Catalano stated from the outset his intention to grow ACM through credible journalism, digital expansion and new revenue streams.

After many of its papers closed in response to the initial 2020 coronavirus crisis, most have now reopened with some support from the Federal Government’s $50 million Public Interest News Gathering Project for regional media innovation.

A big-ticket item in Catalano’s plan for ACM is a real estate marketing concept that bundles print and digital strategies with listings on realestate.com.au.

Now being progressively rolled out through ACM’s titles, this system may recoup some of the publisher’s lost advertising income.

But ACM’s ongoing newsprint commitment also relies on communities’ support for local papers and their online offerings, with the latter increasingly residing behind paywalls.

In contrast, News Corp, the other major player in regional news, has decisively moved away from print and into digital-only operations by taking more than 100 mastheads online and foreshadowing 50 new digital titles in diverse locations.
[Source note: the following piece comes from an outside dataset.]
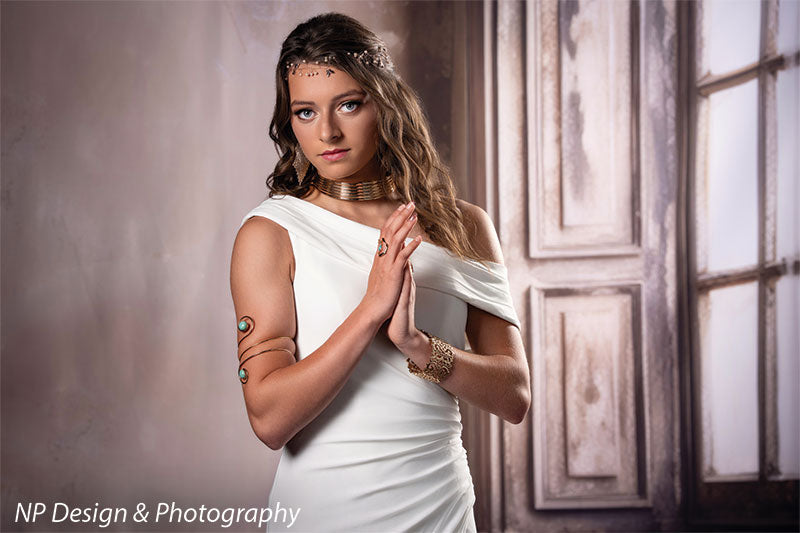 French beige foyer photography backdrop shown with a young woman in a white gown with a gold headpiece in a prayer-hands pose CP-8500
Paywalls are also the norm for New Corp news sites.

The accelerating shift to digital-only news is accompanied by growing acceptance that in the future revenue will come from subscriptions, patronage, events, licensed content, other monetised products and services.

News media are facing the challenge of making journalism largely pay for itself by concise identification of audiences and targeted delivery of indispensable content.

What does this mean in 2020?:

"The situation calls for an innovation response that captures the audience with compelling content, packaged and delivered in the right way at the right time. The goal is REA: repeat engaged attention."

Specialist forms of news, including lifestyle journalism, face similar challenges albeit with perhaps a more symbiotic, ongoing relationship to advertising.

But with advertisers constantly exploring sophisticated ways to reach audiences, news media are belatedly but resolutely working on ways to survive and thrive.